Work required.
Excluding pictures, retype the line with "Why Your Jaw" and each line that follows it to the end of the data below, word for word.

Given data.
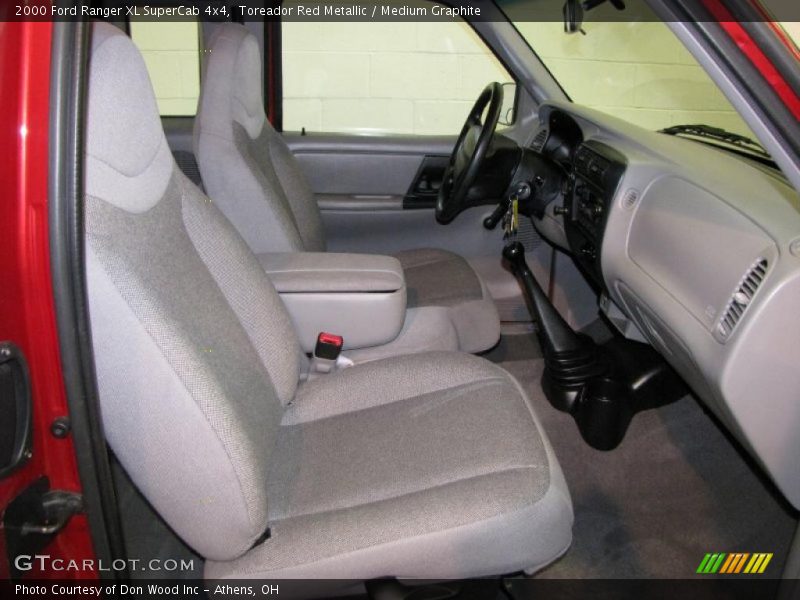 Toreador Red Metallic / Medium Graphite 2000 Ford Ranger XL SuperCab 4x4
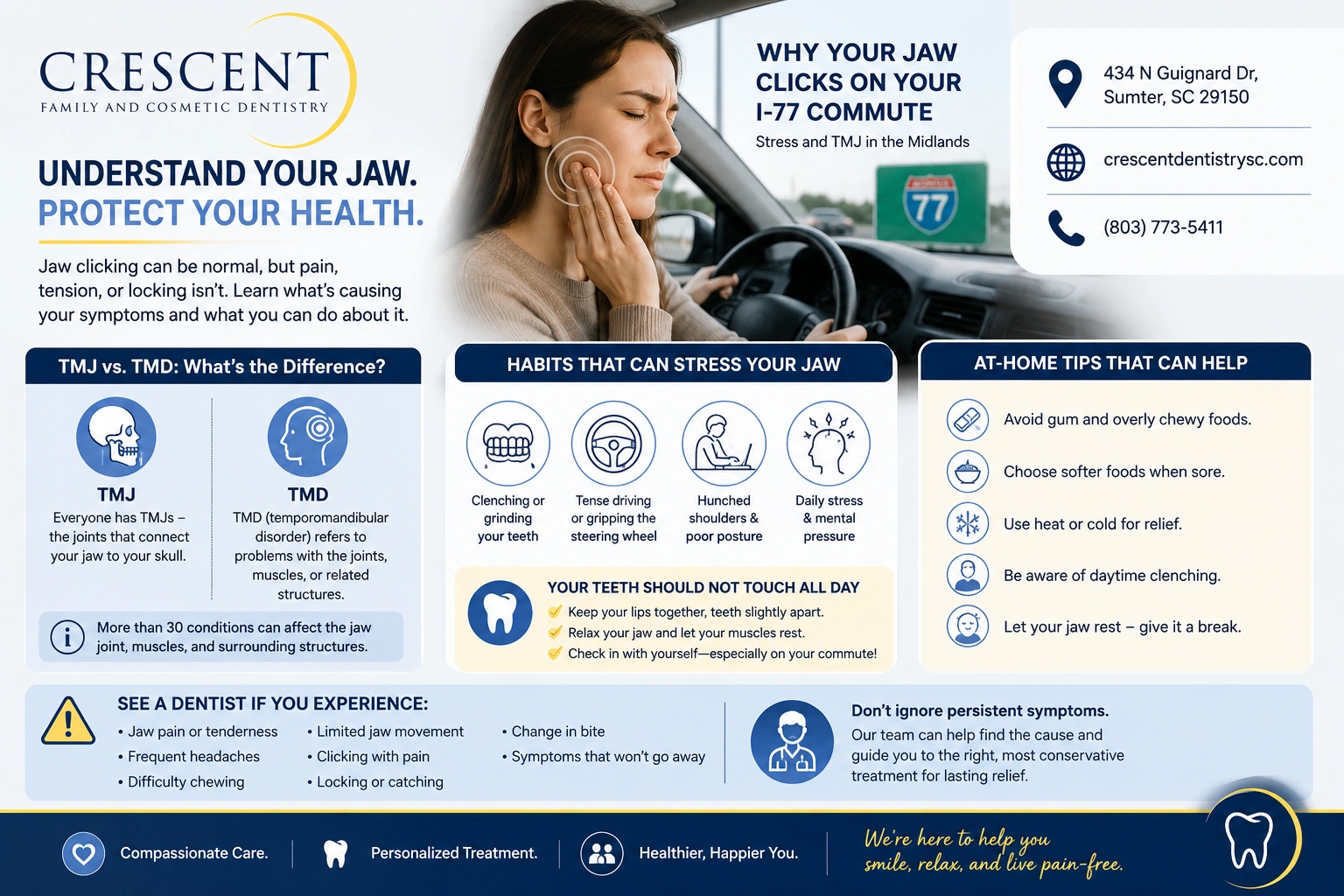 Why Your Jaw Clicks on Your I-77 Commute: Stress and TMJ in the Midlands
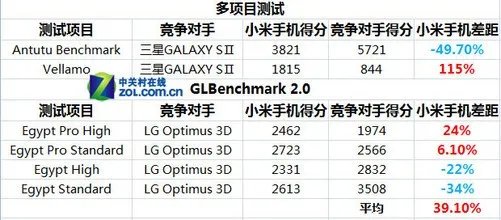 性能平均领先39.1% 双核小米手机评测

Response.
 Why Your Jaw Clicks on Your I-77 Commute: Stress and TMJ in the Midlands
 性能平均领先39.1% 双核小米手机评测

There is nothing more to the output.